I placed my hand in yours and waited.

I hoped even when you pretended to be stone,
pretended to be wax, pretended to be mine,
pretended to want me gone.

I hoped, I waited to held in your arms.

I hope.
I wait.
I pretend to do all this with ease.

I pretend to be a shelter
as I hunger melts my stomach,
as words melt my mouth.
I do not know what you pretend to be.
Not yet.

I wonder
if I let my eyes close,
if I chose my weakness,
if I hide,
will you take my place, place your hands in mine
and pretend to wait?

I won’t mind such lies and such pretense.

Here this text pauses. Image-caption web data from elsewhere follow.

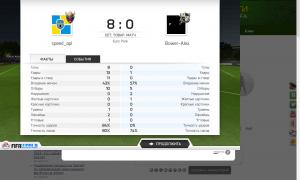  �������� 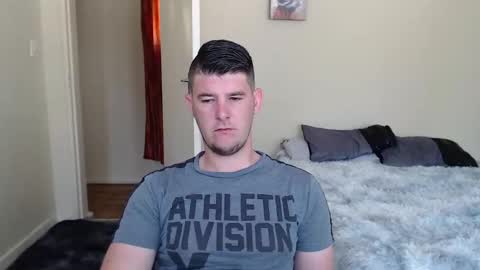 Snapshot of brendansexyboy098754 chatting on 12.11.24 ask me lol online show from 12.11.24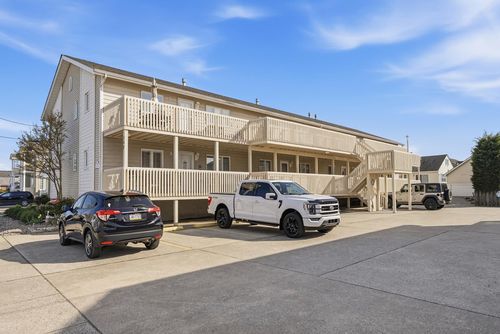 g-aka-7-102 E Primrose Rd, Wildwood Crest, NJ, 08260-3973 | Card Image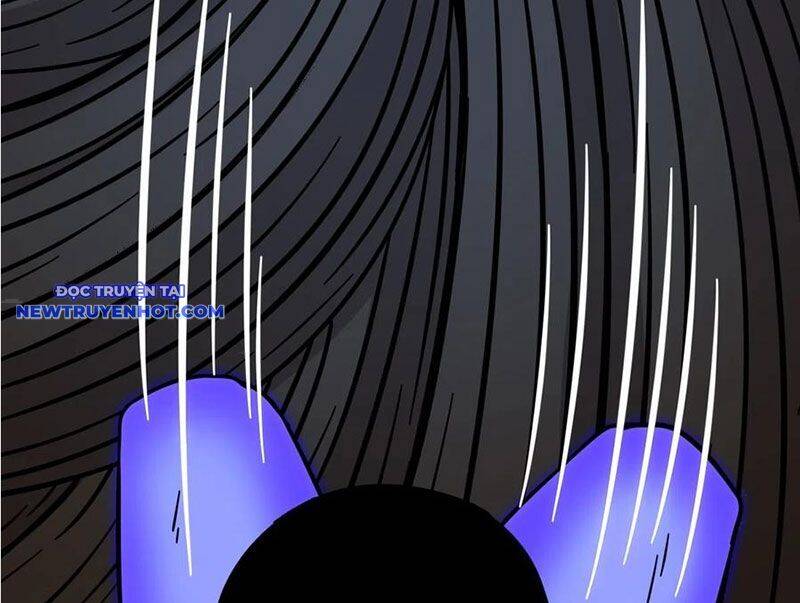 Đấu Yếm Thần Chap 141 - Next Chap 142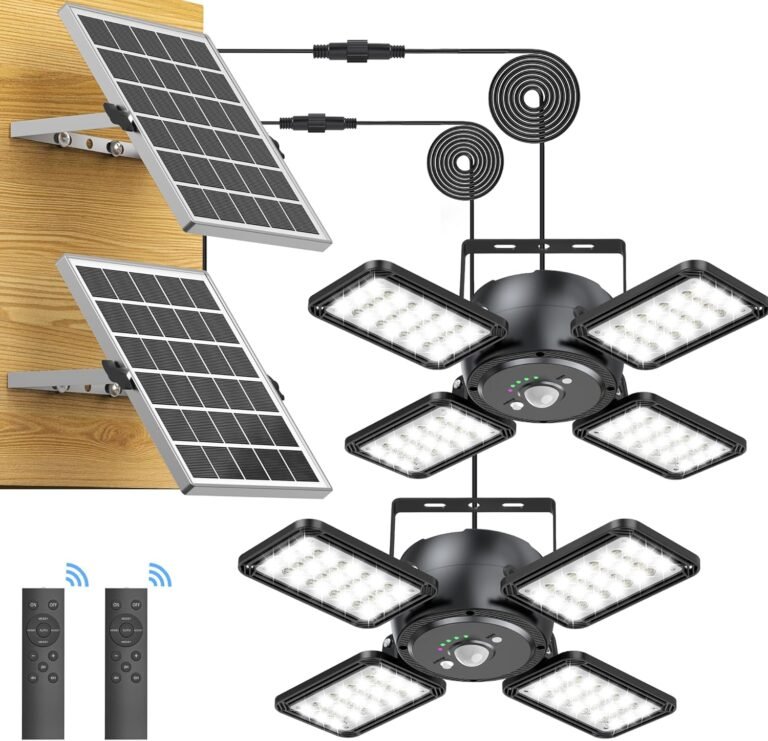 81p1uzeOLL. AC SL1500 HearthSide Picks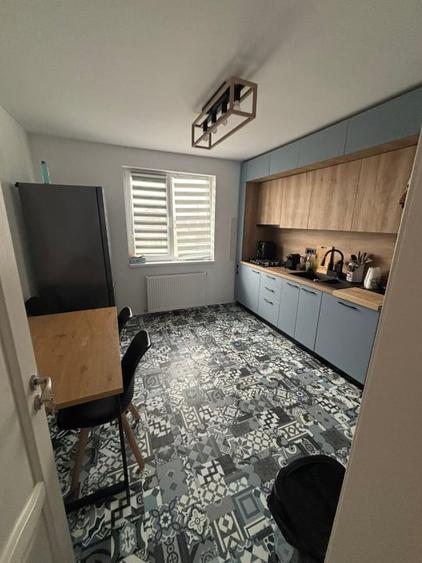 Casa individuala | 3 Camere | Terasa | Curte - 7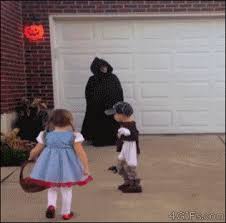 21 best gifs of all time of the week funny stories for kids funny stories funny gif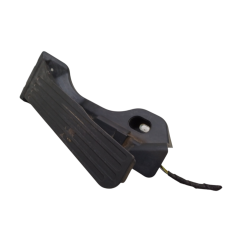 Pedale acceleratore VOLKSWAGEN Tiguan 1° Serie - 5N1721503 - 2288205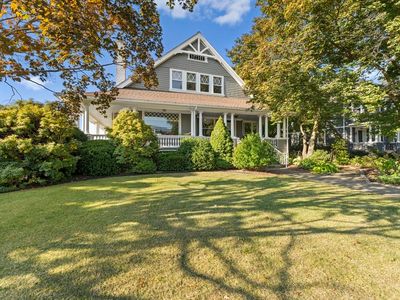 14 Grant St, North Attleboro, MA, 02760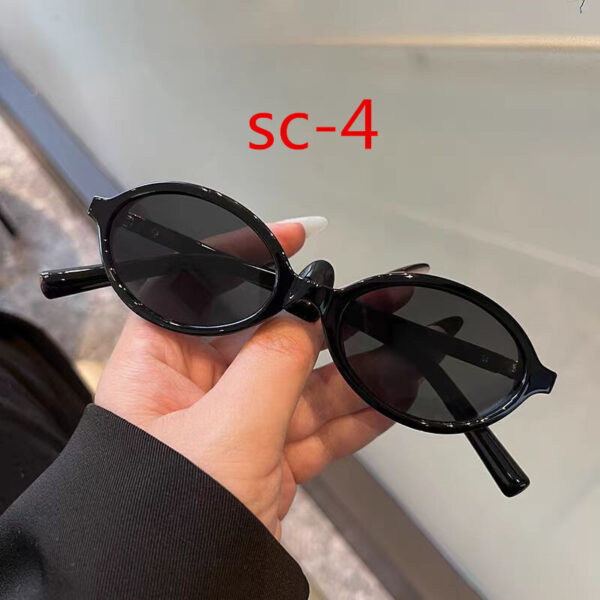 Z5552-29.99$ - Image 2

*I wonder if our lives could change
if we didn’t feel burdened
by truth and lies all the same.

“Fossil” – Nayana Nair

Drop by drop the wax fills
the bucket of broken butterflies.

I am falling into another sleep,
into another death that is warm,
that embraces me like no lover ever has.

I feel the pain in my wings, and unlike other days
I try to think that this will never pass.
That I will remain like this, with a bit of pain always there
in my shoulder blades, under my ribs, aching for a memory that floats
above my body, above my existence.

Someone holds my hand and I let them.
I was always afraid of living and dying alone.
I guess there are many like me.

Years from now they will find us
and probably write stories
about how we loved each other even in death.
As they look at our almost ruined and almost saved faces
they won’t know how we died heartbroken,
how we held onto each other
but never dared to look at each other
or ask the names we had started to hate.
How our skins melted into each other only because
we had nowhere else to be.
That even as light broke free from our eyes
we didn’t want to look like failure.